Good morning! I must say that my heart really is feeling you guys. Fuck! We are all struggling with some stuff, aren’t we? The struggle is real. We all have people in our lives that hurt our heart, that don’t see us, that don’t love us like a verb. We all have that tendency to fight back when we are attacked, to buckle under siege. We all look a certain way on the outside. I dropped this picture in, of my little brother and I, to iterate that. We are not merely our physical appearance. I do not look how I looked before. The hair is gone. The dress is gone. The makeup and the man standing beside me…all gone. My little brother isn’t so little and his life, like his physical container, are not that same guy anymore. We all stand in time and space and pictures like this. Time stands still and we are captured in mere moments. We aren’t as we were on the inside either, are we?
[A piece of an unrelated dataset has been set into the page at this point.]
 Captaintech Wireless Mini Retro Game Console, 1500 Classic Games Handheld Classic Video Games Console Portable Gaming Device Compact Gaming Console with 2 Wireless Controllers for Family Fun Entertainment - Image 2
I was “fuckable”back then and harassed constantly. I was the object of the most ridiculous advances and pick up lines. I was the girl the guys wanted. Only I wanted girls. I have always loved the guys and wanted to be with the girls. Even with that hair and makeup, in that dress, in those high heels, I have always loved the ladies. We see each other all wrong. We see each other right side out, instead of inside out. I don’t give a fuck what your face looks like…I am going to turn you inside out to see that beautiful heart of yours.

These photos are to remind us all to see people inside out. We are missing so much by seeing it all wrong. What matters is on the inside. What counts is what we are made up of…who we are when no one is looking. Who we really are…it’s not in the face we put forth for the camera…it’s the heart behind it all. Hearts are not ugly and therefore, we are each our own beautiful masterpiece. You are fucking gorgeous, just the way you are…you really are.

Take the hair away. Take the dress and the makeup and the panty hose and kick off those high heels…and you have Coral. The authentic Coral…the real deal. Turn me inside out and you have the same thing. We are who we tell ourselves we are. We are fucking beautiful!

Have a wonderful day everyone! I love you!